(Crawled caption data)
___

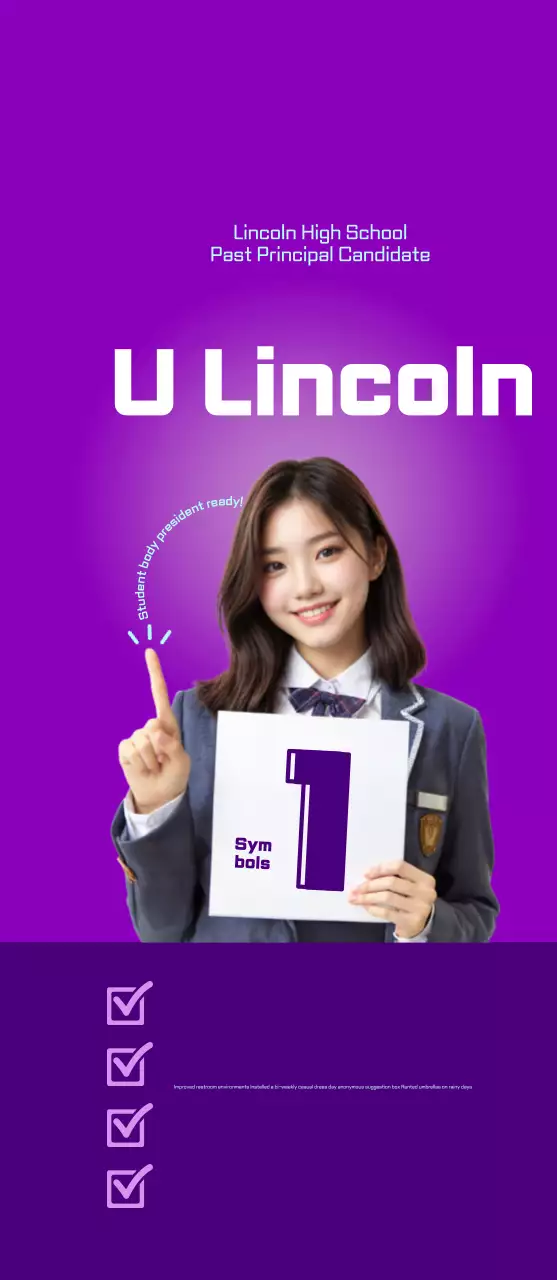 Promote Bora Bora Student Government Elections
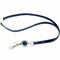 Rexel Lanyard Retractable Badge Reel Navy Blue Leatherette 9861027 - SuperOffice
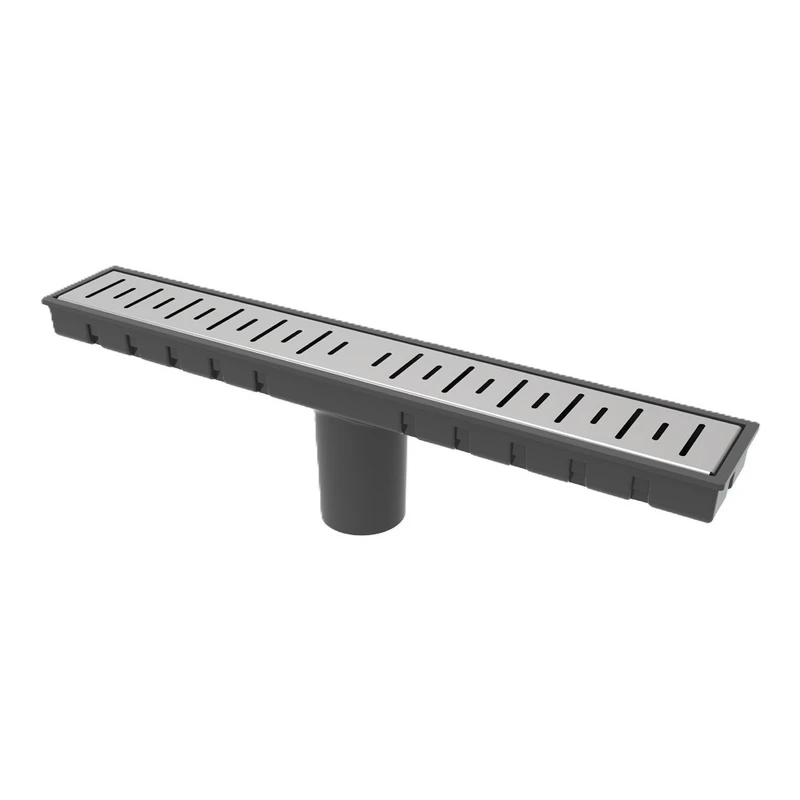 کف شور خطی محک مدل درب استیل طرح گریل ۴۰×۶ کد 594s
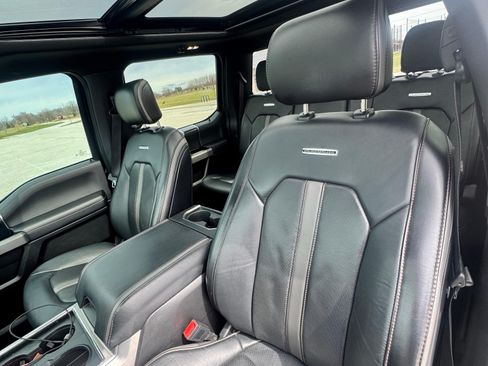 Used 2021 Ford F450 Platinum w/ Snow Plow Prep Package image 5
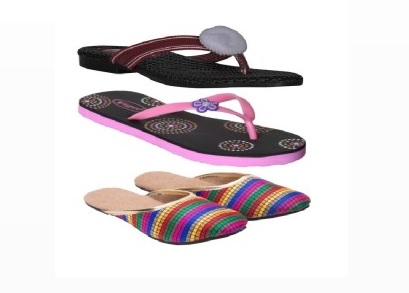 Flip Flops For Women: Buy Flip Flops For Women online at best prices in  India - Amazon.in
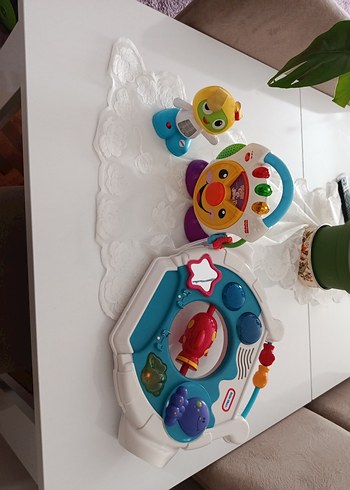 Renkli Eğitici Oyuncak Seti - Görsel 5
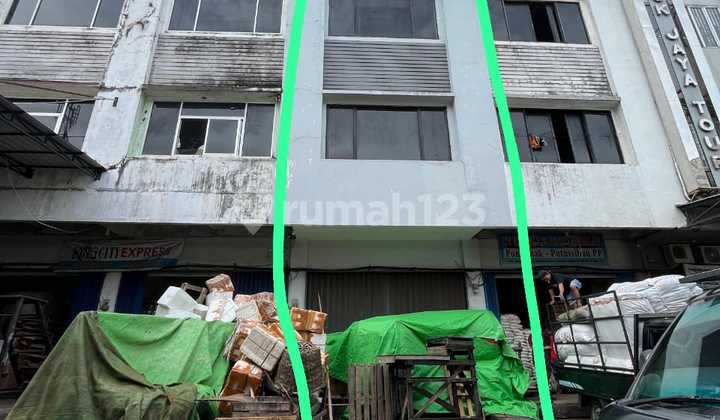 Di Jual Ruko Jalan Budi Komp Pergudangan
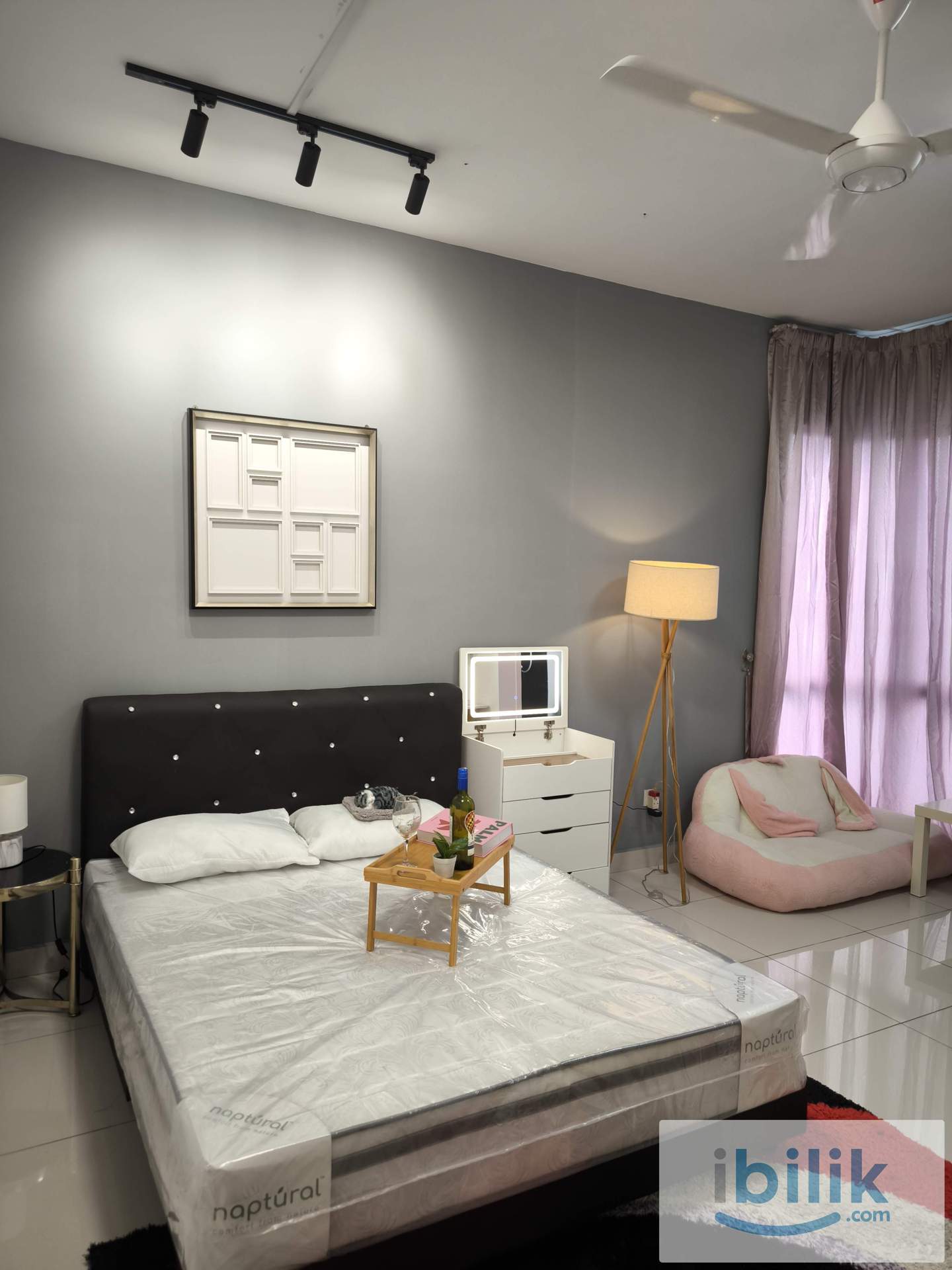 Master Room You Residence Just Renovated Walk 5 Min Tmn suntex MRT  - Image 6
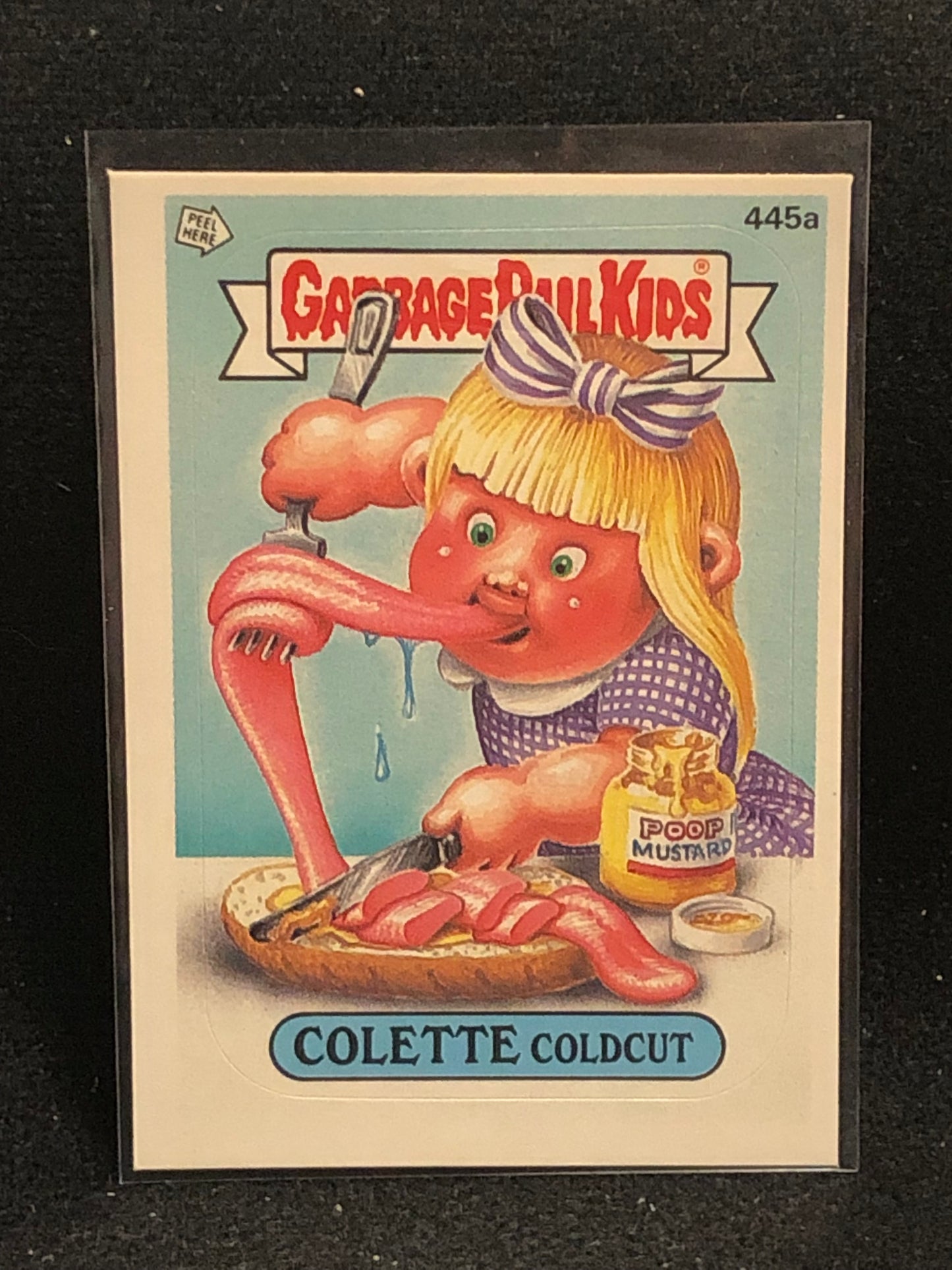 Garbage Pail Kids Original Series 11 (os11) 445a Colette Coldcut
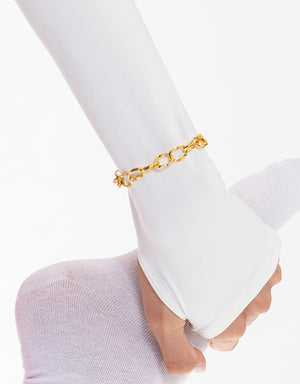 LVC MOD22 Lucem Gold Bracelet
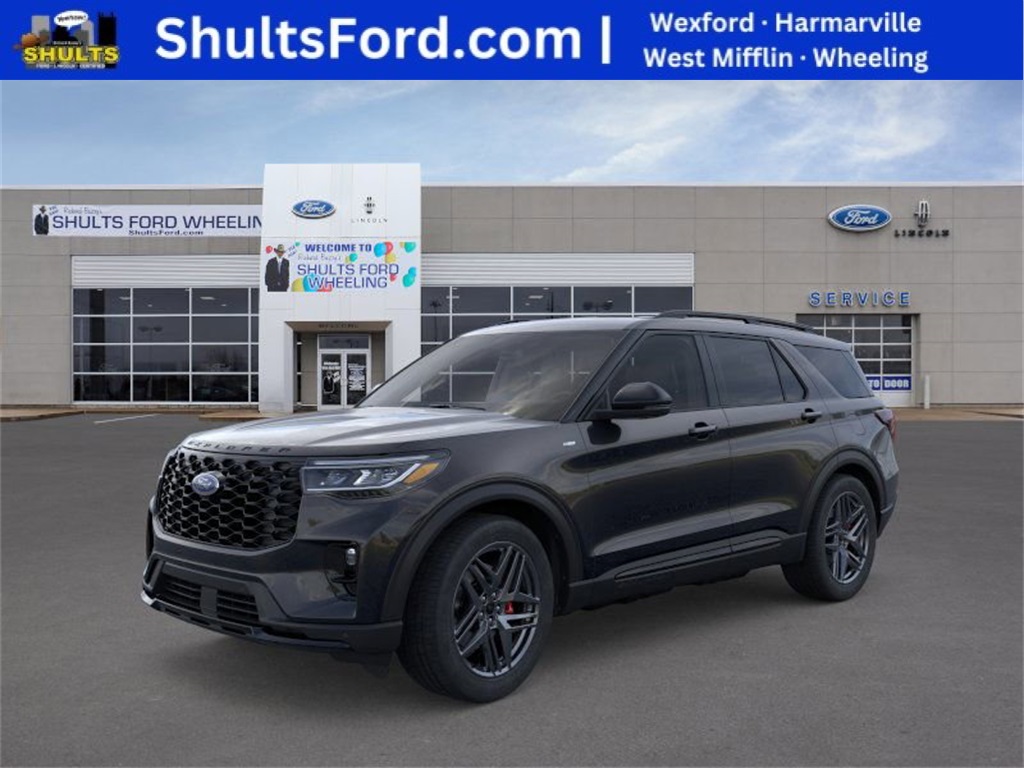 New 2025 Ford Explorer ST-Line
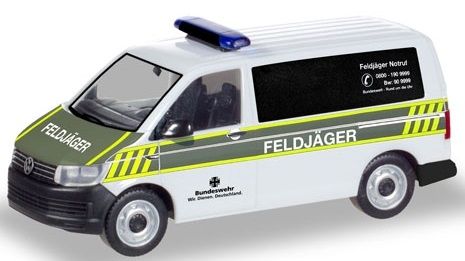 HER746298 - VOLKSWAGEN T6 armée de l'air Allemande - 1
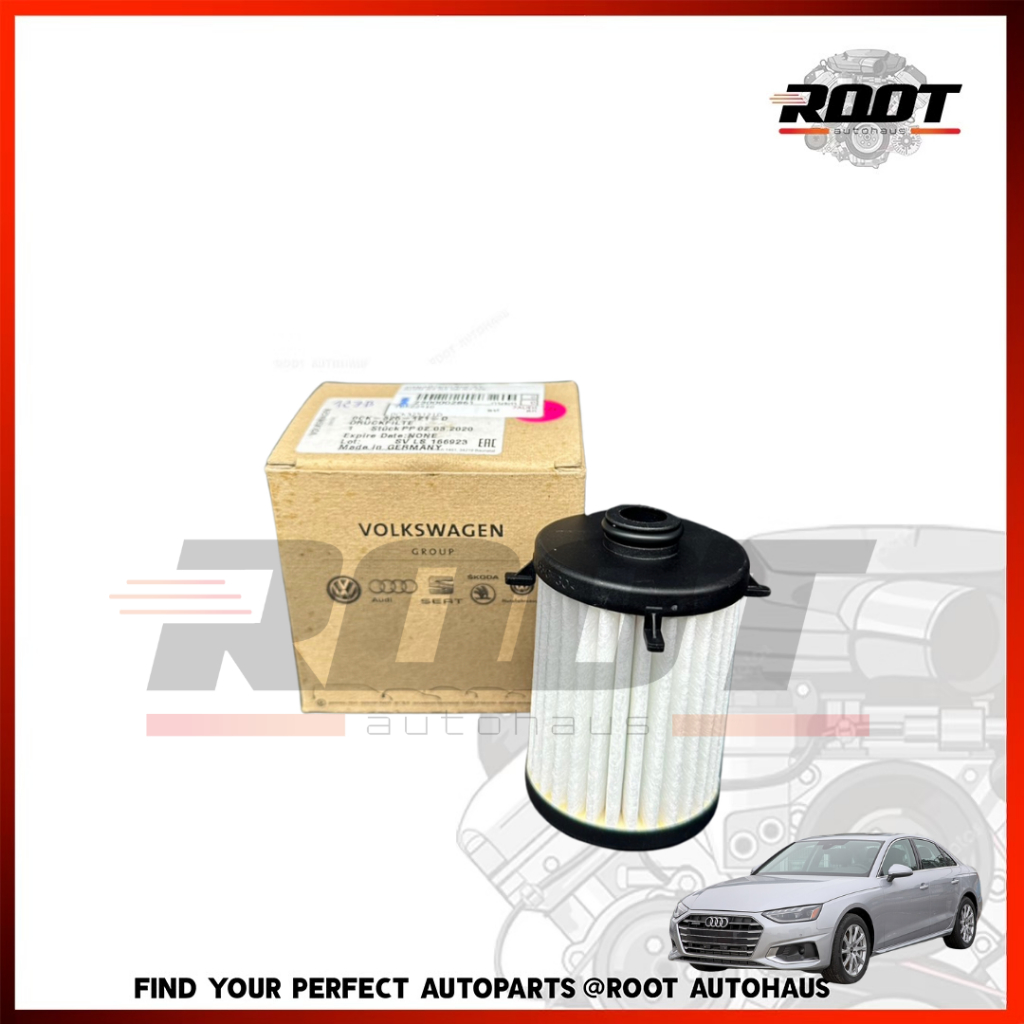 กรองน้ำมันเกียร์ ออโต้ AUDI  A4 A5 A6 A7 Q5 เบอร์ 0CK-325-121-D แท้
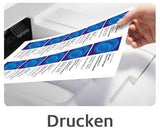 Avery Zweckform Visitenkarte Classic DIN A4 185 g/m² weiß 250 Stück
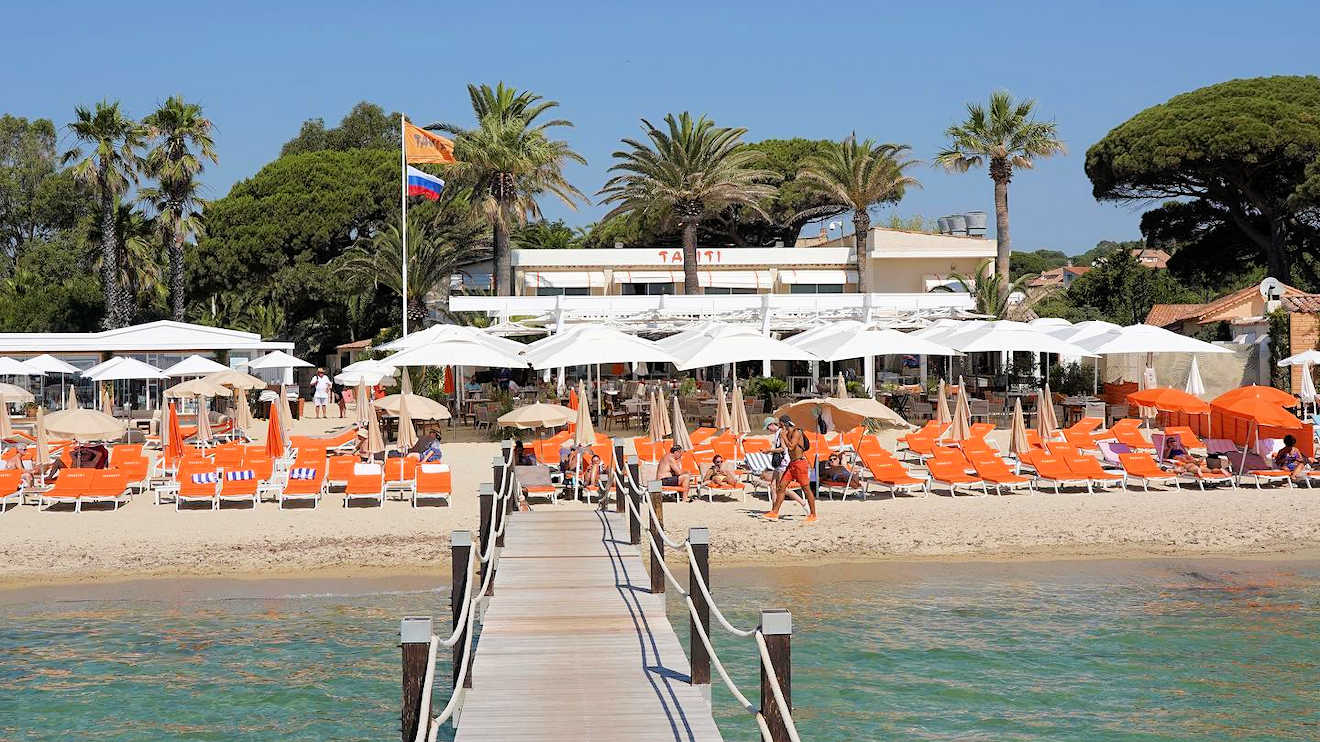 st tropez beaches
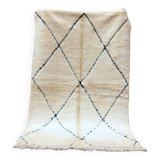 Moroccan Berber Beni Ouarain Rug 255 x 159 cm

___

TASK TO CARRY OUT >> Once you find the line that contains "กรองน้ำมันเกียร์ ออโต้ AUDI", give it again along with every later line through the end of the data, word for word, minus the pictures.

WRITTEN RESPONSE >>
 กรองน้ำมันเกียร์ ออโต้ AUDI  A4 A5 A6 A7 Q5 เบอร์ 0CK-325-121-D แท้
 Avery Zweckform Visitenkarte Classic DIN A4 185 g/m² weiß 250 Stück
 st tropez beaches
 Moroccan Berber Beni Ouarain Rug 255 x 159 cm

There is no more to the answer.